Trump Floats Cuba Takeover Line After Iran Operations
Trump Floats Cuba Takeover Line After Iran Operations
The remark came as the White House widened Cuba sanctions and Congress considered language warning that U.S. force against Havana has not been authorized.
West Palm Beach, Florida - President Donald Trump told a Forum Club of the Palm Beaches audience that Cuba could be taken over "almost immediately" after the United States finished with Iran, joking in the same passage that the USS Abraham Lincoln could stop offshore and prompt Havana to surrender.
The line does not amount to a formal invasion order. The White House video page identifies the event as Trump participating in the Forum Club of the Palm Beaches dinner, and the local video-intake transcript preserves the Cuba passage. But the remark landed inside a real policy fight: one day earlier, the White House issued a Cuba sanctions order that described Havana's government as an unusual and extraordinary threat to U.S. national security and foreign policy.
The Story So Far
Trump moved into the Cuba line while discussing a person from Cuba during the Forum Club speech, according to the local intake transcript. "He comes from originally a place called Cuba, which we will be taking over almost immediately," Trump said. "Now, Cuba's got problems. We'll finish one first. I like to finish a job."

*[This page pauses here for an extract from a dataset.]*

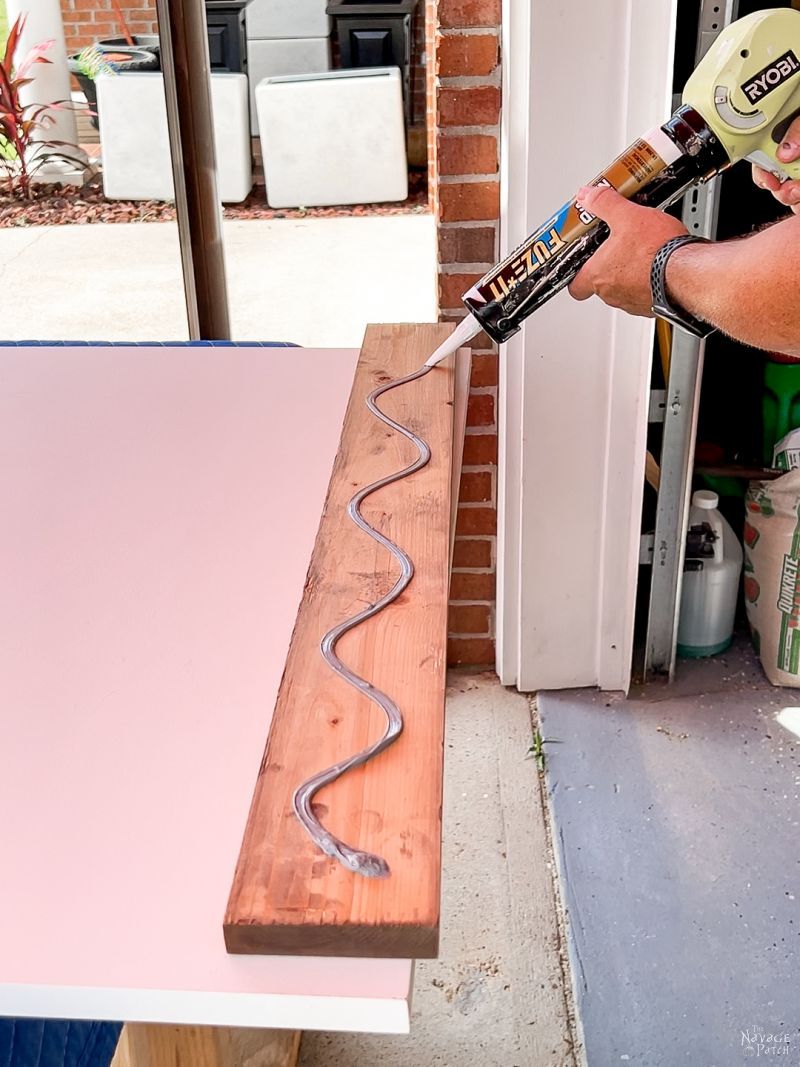 man putting adhesive on the back of a board to make a diy sliding barn door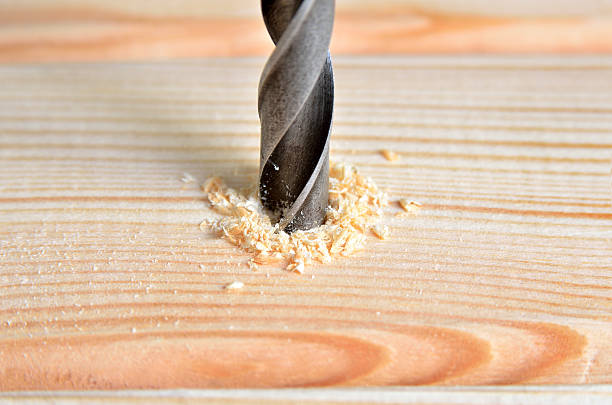 istock Steel boer drill a hole in a wooden board. 542328778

He then connected the remark to Iran operations. "On the way back from Iran, we'll have one of our big, maybe the USS Abraham Lincoln aircraft carrier, the biggest in the world," Trump said, according to the transcript. "We'll have that come in. Stop about 100 yards off shore. And they'll say, thank you very much. We give up."

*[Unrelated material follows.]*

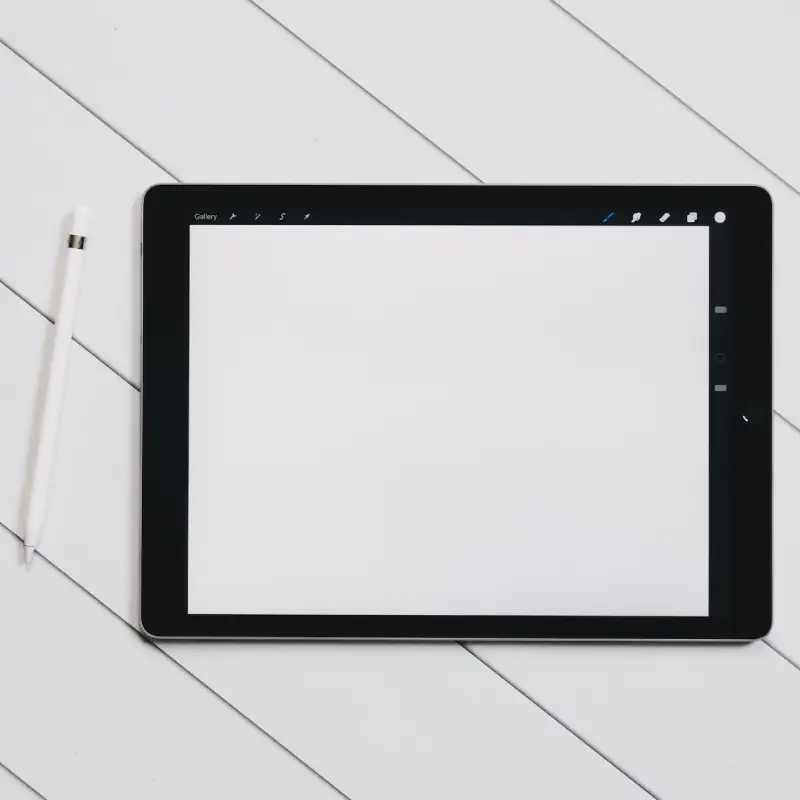 An image of an iPad with a white screen and an Apple pen beside it.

The White House posted the full event video under the title "President Trump Participates in The Forum Club of the Palm Beaches Dinner." The page identifies West Palm Beach, Florida, and embeds the full video of the dinner.
The safest reading is that Trump made a dramatic, joking line in a public speech, not that the administration announced an operation against Cuba. No White House, Pentagon, State Department, or congressional source in the research brief states that U.S. forces have received an order to attack Cuba.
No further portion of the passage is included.